Re: What is the situation for our UTs now?

Posted by "张铎 (Duo Zhang)" <pa...@gmail.com>.
And speak a little more on increasing the forkCount. In fact, the test
category is not too rough. The LargeTests just means the test will run a
bit long, does not mean it will consume more resources. Maybe the tests
just have lots of Thread.sleep so we declare it as LargeTests.

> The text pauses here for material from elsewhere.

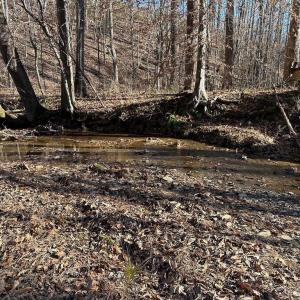 Photo #17 of OLD DRIVER HILL ROAD (TRACT: H.M. DUVAL-1), SCOTTSVILLE, VA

What I can see is that, all the replication related tests are flaky now.
This is reasonable. In replication tests, usually we have to set up at
least two mini clusters, and the replication system itself will make use of
lots of threads. So if you run several replication related tests together,
it will easy to overload and cause the UTs to timeout or OOM.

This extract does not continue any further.